First part of this early morning commuting trip was a walk in the rain, and against my usual habit I had enough time when reaching the station. Well, meanwhile it’s still dark when I leave, but the wet plaster made up for nice reflections to frame those poor, forlorn-looking small box bushes. It will take a decade until they get the figure appropriate for this setting.
This reminds me of a Sam Abell story, how he wasn’t allowed to take photographs in a garden in Japan. After Abell insisted quite strongly, he was told to come back, but not before 2 pm. By that time the monks tending the garden had sprinkled water over all the plants by hand. The garden was meant to be viewed only when wet.

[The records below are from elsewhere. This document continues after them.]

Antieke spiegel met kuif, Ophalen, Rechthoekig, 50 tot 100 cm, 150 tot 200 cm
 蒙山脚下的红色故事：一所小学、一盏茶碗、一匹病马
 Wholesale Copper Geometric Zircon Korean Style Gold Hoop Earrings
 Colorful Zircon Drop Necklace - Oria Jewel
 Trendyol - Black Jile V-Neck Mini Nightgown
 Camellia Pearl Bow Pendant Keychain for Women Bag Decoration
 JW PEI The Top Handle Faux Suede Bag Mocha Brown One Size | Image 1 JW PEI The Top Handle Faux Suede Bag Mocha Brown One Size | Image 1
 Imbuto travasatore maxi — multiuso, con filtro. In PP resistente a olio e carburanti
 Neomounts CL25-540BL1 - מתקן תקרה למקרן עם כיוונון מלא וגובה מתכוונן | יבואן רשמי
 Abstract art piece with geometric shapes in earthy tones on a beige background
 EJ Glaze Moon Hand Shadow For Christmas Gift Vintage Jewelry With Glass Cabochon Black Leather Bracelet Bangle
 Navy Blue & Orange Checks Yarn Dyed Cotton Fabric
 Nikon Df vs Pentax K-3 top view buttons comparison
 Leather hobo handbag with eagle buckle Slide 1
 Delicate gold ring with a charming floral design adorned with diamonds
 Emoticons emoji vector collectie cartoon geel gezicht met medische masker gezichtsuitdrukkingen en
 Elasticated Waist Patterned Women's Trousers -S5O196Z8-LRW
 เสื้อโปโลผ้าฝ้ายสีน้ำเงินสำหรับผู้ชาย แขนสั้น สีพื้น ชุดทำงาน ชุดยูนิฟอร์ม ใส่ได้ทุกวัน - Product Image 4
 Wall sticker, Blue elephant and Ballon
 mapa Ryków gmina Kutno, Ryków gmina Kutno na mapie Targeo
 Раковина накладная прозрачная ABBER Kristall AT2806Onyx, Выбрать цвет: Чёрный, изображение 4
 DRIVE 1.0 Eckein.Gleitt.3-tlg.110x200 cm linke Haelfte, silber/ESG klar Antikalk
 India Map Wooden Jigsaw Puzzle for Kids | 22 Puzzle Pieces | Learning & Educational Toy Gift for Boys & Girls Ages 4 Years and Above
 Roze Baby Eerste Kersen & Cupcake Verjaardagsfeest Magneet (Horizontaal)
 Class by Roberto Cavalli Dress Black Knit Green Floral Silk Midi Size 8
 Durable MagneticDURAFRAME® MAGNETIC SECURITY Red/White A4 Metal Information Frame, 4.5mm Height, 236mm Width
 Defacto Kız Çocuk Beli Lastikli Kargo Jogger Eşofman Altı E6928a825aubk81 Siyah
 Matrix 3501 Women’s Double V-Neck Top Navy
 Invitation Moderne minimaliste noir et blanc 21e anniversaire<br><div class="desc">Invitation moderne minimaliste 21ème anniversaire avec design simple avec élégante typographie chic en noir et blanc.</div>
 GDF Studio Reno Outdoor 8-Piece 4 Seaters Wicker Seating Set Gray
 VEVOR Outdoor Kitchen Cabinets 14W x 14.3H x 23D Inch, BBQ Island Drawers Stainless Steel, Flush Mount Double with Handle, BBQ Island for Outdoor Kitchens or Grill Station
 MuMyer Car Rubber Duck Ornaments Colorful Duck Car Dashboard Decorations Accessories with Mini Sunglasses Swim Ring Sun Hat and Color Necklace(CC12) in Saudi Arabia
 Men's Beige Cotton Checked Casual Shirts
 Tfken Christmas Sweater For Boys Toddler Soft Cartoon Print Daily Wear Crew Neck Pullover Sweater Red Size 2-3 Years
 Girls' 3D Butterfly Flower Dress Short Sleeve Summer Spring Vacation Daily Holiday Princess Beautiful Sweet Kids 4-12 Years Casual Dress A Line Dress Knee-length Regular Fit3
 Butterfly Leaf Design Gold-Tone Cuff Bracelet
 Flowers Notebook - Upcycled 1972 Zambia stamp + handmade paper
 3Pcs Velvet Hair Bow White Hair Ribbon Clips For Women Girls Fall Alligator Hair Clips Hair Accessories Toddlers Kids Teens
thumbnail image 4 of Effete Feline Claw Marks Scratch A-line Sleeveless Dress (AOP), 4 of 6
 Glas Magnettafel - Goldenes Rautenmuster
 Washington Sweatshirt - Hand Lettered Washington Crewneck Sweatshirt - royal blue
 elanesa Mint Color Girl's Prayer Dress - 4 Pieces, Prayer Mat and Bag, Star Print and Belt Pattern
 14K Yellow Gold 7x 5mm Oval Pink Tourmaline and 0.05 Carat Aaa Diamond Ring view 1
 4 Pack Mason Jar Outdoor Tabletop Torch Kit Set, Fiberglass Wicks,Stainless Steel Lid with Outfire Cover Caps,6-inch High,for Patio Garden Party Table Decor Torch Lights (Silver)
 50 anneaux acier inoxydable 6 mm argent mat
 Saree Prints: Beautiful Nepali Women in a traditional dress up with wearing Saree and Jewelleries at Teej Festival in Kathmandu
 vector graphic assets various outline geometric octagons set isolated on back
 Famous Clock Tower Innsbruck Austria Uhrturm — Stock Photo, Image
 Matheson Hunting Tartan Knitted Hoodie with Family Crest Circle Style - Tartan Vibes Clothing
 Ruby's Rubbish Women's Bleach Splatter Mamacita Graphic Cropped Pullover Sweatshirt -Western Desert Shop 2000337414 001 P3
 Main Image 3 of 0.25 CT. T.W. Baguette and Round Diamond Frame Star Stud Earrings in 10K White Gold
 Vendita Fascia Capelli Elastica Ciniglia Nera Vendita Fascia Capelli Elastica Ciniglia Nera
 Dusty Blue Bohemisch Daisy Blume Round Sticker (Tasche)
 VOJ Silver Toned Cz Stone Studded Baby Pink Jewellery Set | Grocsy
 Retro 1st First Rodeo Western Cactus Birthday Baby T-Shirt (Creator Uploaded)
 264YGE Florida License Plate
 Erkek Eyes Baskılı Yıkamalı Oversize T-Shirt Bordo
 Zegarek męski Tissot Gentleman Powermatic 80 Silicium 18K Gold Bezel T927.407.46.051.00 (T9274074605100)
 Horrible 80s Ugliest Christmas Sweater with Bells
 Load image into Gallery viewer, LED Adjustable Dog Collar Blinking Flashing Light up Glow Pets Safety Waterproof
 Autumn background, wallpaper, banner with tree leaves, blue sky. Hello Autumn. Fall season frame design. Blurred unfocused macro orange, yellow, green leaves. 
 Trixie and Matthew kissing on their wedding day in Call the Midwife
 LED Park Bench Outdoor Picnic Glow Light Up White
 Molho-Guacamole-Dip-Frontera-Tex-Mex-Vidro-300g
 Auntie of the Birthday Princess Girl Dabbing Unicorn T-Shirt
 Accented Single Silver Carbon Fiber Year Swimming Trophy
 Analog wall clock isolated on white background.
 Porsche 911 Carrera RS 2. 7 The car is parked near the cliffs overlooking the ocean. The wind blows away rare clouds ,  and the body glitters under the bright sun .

I’ll have to look up this story in my Abell Book – but I think it’s not in “The Life of a Photograph”, probably more in “Seeing Gardens” (which I don’t have, yet). And you are certainly right: rain and reflections certainly gave this scenery a very special mood.
Yes, indeed, it was in the “garden book”.
The place is a bit like a stone garden – maybe the little trees are an artist’s statement?
I fear it was meant nothing less than artistic, with utmost canniness vulgo greed as the dominating motive. On this public boardwalk there were 3 small beds with brushes that got neglected and became ugly. When deciding to replace it, the responsible authority decided to go the lowest-budget way.
But in the end it turned out almost like a transformed zen garden, which is wonder-ful.